They were our link to the old, great Liverpool – which they knew wasn’t that great, not if you were a docker working short hours or your lad was lost on the Titanic and the bosses wanted you to pay for his uniform – but still eulogised. They were radicalised, but not into firebrands, into the socialism of Bill Shankly, with:

everybody working for the same goal and everybody having a share in the rewards.

They grew up in a city of ocean liners and never closing your front door, not Harry Enfield stereotypes and ‘gizza job, mate’. The Eighties bewildered them then, as they probably still do.

They didn’t have much but they still raised you right. Looked on in bemusement at your pile of Christmas toys as they recalled their happiness at getting a tangerine in their stocking. Made sure you did well at school at the same time as understanding that there was more to be learnt than you could do at a desk, questioning everything. You knew that although they had left their schooldays before their teens they held more knowledge than you could acquire at university. They loved you without measure but encouraged you to go, feel the pull of the river, calling you to explore the rest of the world while never fully escaping these streets and the love they hold. So proud of you that they would die rather than say it, covering it up with a web of gentle teasing, nicknames and family in-jokes. Still, you never doubted it for a second. You were from the best place and the best people there could be.

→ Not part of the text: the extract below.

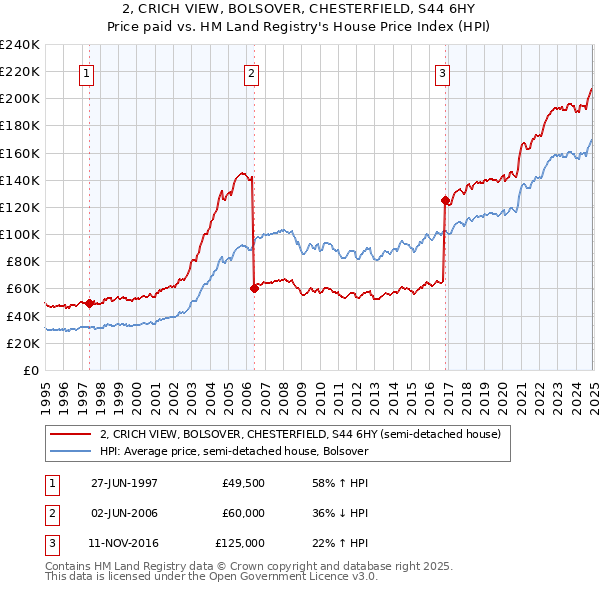 2, CRICH VIEW, BOLSOVER, CHESTERFIELD, S44 6HY: Price paid vs HM Land Registry's House Price Index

Even though, of course, none of us are really that ‘from’ there at all. I used to stroll down Dale Street on a lunch break and try to picture it as it was when my great-grandparents arrived, fresh off the boat. Muck instead of tarmac, horses everywhere and a forest of masts beyond the Pier Head. I have probably seen it in old photos. But, although I couldn’t imagine the feel of it – were they anxious, missing home, relieved to be making a new start – in a somewhat rootless existence, there was comfort to walking the same stones as the generations who had come and gone before I was even thought of.

liverpool salthouse dock

Faces I have only seen occasionally, on the few misty family photos that have survived, and still they gave me strength. Whatever gets thrown at you, you will get through, just as we got through. Famines and wars and disasters, loves and laughter and all the mad whirl of life. Survived on tea and chip butties and plates of Scouse.

I came back for the birth of my son, and I try to picture telling him about Scotland Road, ships and Shankly sometime around 2028 when he will be old enough. And I think of how distant it will all seem. I hope that one day, when he is walking around whatever comes after the Liverpool One, he will hear the echo of those distant footsteps – of the ones who walked before him. And he will know, wherever he happens to be living, that some part of this is home.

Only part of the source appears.